The Markham Civic Centre is the city hall of the city of Markham, Ontario. The brick and glass Civic Centre was designed by architect Arthur Erickson with Richard Stevens Architects Limited and opened on May 25, 1990.  Entrances, except the great hall entrance, are named after communities in Markham (Unionville, Milliken, Thornhill). The building is adjacent to an 11.5-hectare park with a large pond reflecting the south façade.

Building structure

The three storey complex is home to
 Markham City Council chambers  - Rotunda
 wedding chapel annex
 mayor and councillor offices
 city offices
 public lobby
 winter garden
 executive wing
 council chambers
 committee rooms
 council library and archives

A reflecting pond is located on the south side of the building alongside a 26,000 square foot skating rink - the largest outdoor refrigerated skating rink in the GTA, and operated in the winter months. The skating rink was constructed and officially opened in December 2011. Located next to the civic centre is the Markham Theatre and Unionville High School.

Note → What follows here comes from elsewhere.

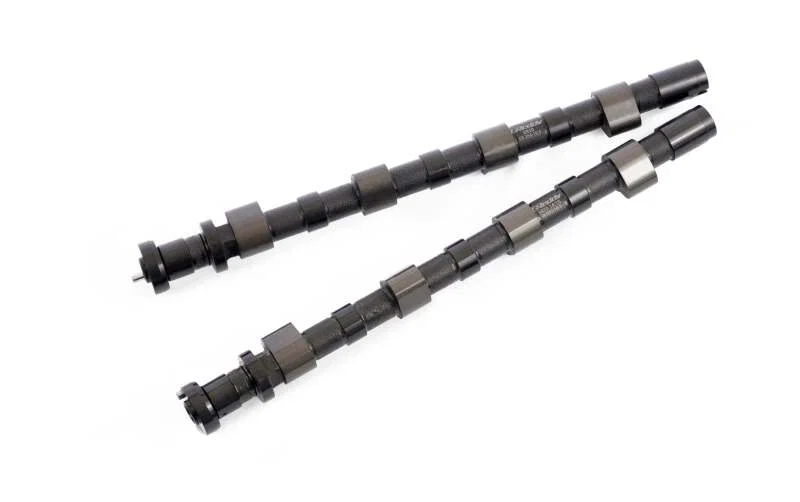 GReddy 13524608, Nissan SR20DET S14/S15 Pro Camshaft Intake 256-10.5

The Civic Centre is a functional building providing office space and a number of public spaces for events in the Great Hall and Lower Atrium. The split level of the Great Hall comes with a two-storey glass front viewing the reflecting pond and wedding chapel.

Bids and winning design

Three architect firms were shortlisted to submitted designs in 1986 for the then Markham Municipal Centre, including Raymond Moriyama Erickson and Barton Myers Associates, but the final design was awarded to Erickson.

Erickson's original design was slightly different, but the Town intervened to keep costs at budget ($14.4 million and $5.2 million for landscaping)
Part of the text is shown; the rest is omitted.